Justamente, los medios y periodistas que más se envuelven
con las banderas de la libertad y la independencia, en su ámbito
suelen negar al extremo lo que invocan. Instigador de todos
los golpes de Estado, a favor de la libre competencia pero usufructuaria
del monopolio de Papel Prensa, el diario La Nación nació
como guardaespaldas de Bartolomé Mitre después
de comandar, como presidente argentino, los ejércitos
de la Triple Alianza.
Un liberal, como Roberto Cox, director del Buenos Aires Herald
en los años de plomo formuló estas declaraciones
a Página 12 el 16-11-2009, después de ser nombrado
“ciudadano ilustre de la ciudad: “Yo veo bien a
la Argentina. Por supuesto, con problemas. Se parece a Italia.
Son países jóvenes, con historia, pero con tantas
cosas buenas, tanta inteligencia, una mezcla magnífica
de muchas nacionalidades. Me cuesta entender por qué
los argentinos –y diría centralmente los porteños–
tienen una visión tan negativa. No parecen siquiera advertir
la hermosura de los jacarandás, de los quioscos, de la
calle. Un amigo mío, que fue un importantísimo
técnico financiero en Wall Street, me dijo: ‘Bob,
Buenos Aires es un hotel cinco estrellas, con todos los pasajeros
quejándose por el servicio de habitación’.”
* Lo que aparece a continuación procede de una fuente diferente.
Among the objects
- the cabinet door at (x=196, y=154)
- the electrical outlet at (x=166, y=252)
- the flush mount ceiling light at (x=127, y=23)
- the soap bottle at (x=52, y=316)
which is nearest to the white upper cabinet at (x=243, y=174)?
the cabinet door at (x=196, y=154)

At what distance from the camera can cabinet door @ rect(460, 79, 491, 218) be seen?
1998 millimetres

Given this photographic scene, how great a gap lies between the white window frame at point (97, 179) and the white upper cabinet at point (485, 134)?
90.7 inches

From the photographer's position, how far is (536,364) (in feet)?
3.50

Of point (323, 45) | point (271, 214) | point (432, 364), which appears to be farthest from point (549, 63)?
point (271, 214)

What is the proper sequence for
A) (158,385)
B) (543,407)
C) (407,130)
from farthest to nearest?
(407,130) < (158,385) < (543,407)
“Por supuesto que hay un problema entre el Gobierno y
la prensa. Y los dos lados tienen responsabilidad. Cuando empezó
el gobierno de Néstor Kirchner, yo veía en La
Nación críticas ridículas. Por ejemplo,
hablaban de los trajes de Kirchner. Era increíble. Por
el otro lado, es cierto que a él no le gusta hablar con
el periodismo, no hace conferencias de prensa. Es un grave error.
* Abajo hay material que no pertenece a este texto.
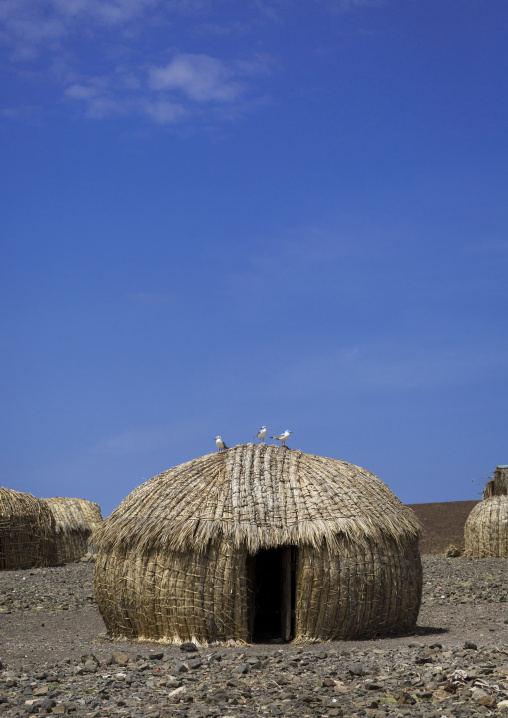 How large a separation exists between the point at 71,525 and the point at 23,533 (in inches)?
236

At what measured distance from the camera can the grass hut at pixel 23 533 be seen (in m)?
29.1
El periodismo tiene algo de representante de la gente.
Ahora, si uno lee La Nación se lleva la imagen de un
país que no veo para nada. La Nación cree en la
censura y en la autocensura, al punto que una alumna de la carrera
de periodismo de ese diario me dijo que Claudio Escribano, quien
fuera director de La Nación, hizo un elogio de la censura.
Dijo que se necesita. Desde ya, yo necesito leer Página/12,
porque La Nación describe un país y una ciudad
que yo no puedo ver ni reconocer. Y en eso, La Nación
actúa como bajo la dictadura. En aquel momento, ignoraba
lo que pasaba y ahora también.”
Mariano Grondona, columnista del mismo diario, con una trayectoria
vinculada inveteradamente al poder económico, se desprendió
de su colaborador, el periodista Luis Novaresio, por discrepar
en un comentario sobre la ley de ADN. En sus columnas, las palabras
república, libertad, independencia, repetidas hasta la
saturación, constituyen un collar de perlas falsas.
Acerca del poder
“El poder es impunidad”. El poder económico.
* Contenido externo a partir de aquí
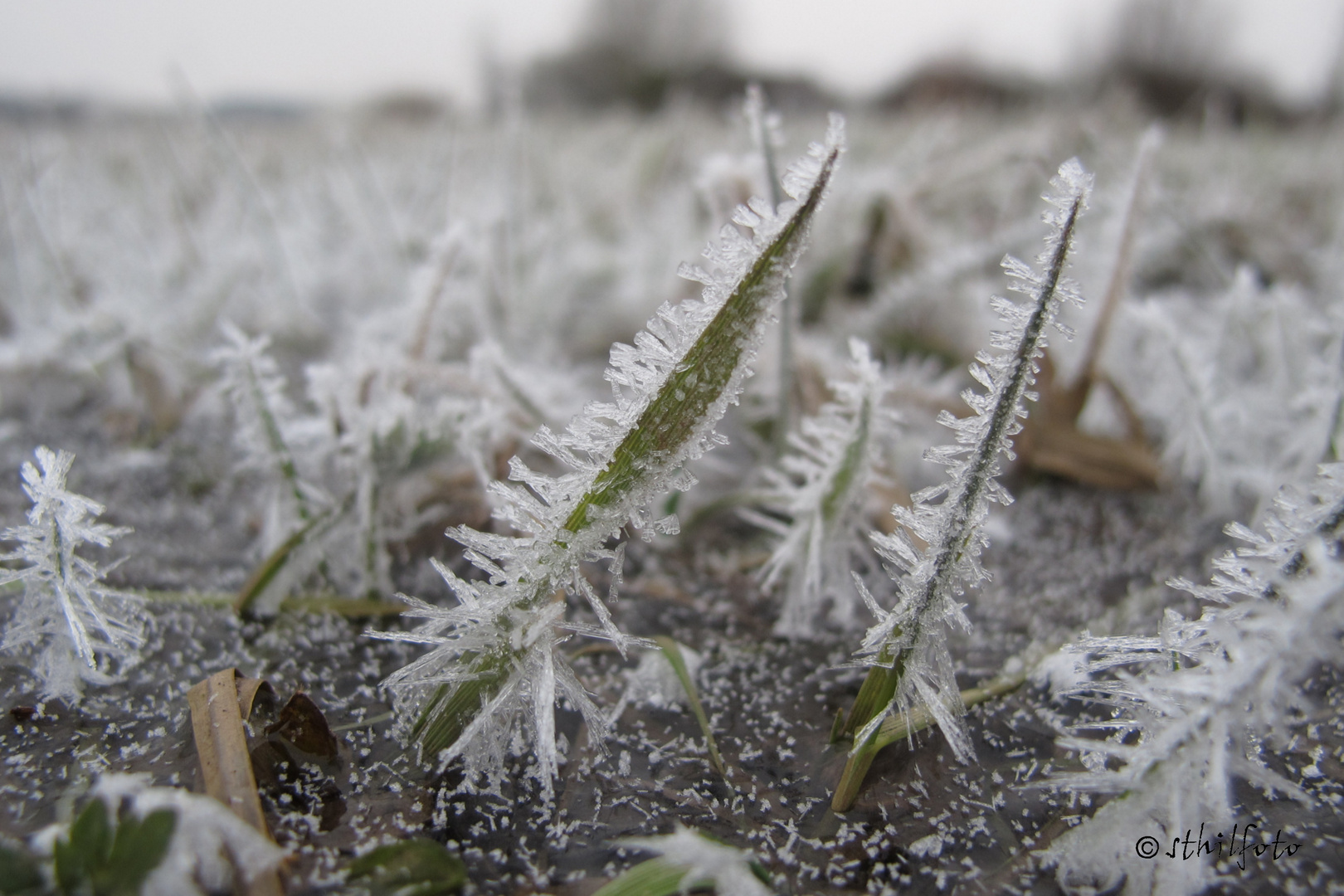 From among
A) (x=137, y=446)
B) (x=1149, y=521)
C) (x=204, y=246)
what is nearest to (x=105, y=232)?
(x=204, y=246)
No duda en falsificar la historia. Instrumentar el presente.
Envolver las peores causas, los intereses más mezquinos,
bajo grandes banderas. Bajar un discurso discriminatorio. Encarnar
la civilización, bajo lo cual se esconde la barbarie
más profunda.
Desarrollar actualmente un modelo de agronegocios con un futuro
de desertización de la tierra y con la minería
como estafa y contaminación del agua potable. El mercado
es Dios y los bancos el templo de esta religión. Los
poderes menores- como la burguesía nacional- son cortesanos
de los gobiernos. Estos, en muchos casos son súbditos
del poder económico real. Cuando no le responden totalmente,
cuando existen intereses contradictorios, sin siquiera ser revolucionarios,
pero demasiados reformistas para intereses cebados en el control
absoluto, empieza a ver malestar, crispación, actitudes
destituyentes, cacerolazos de clase media, lockout, golpes de
mercado, medios ferozmente opositores y opositores irracionales.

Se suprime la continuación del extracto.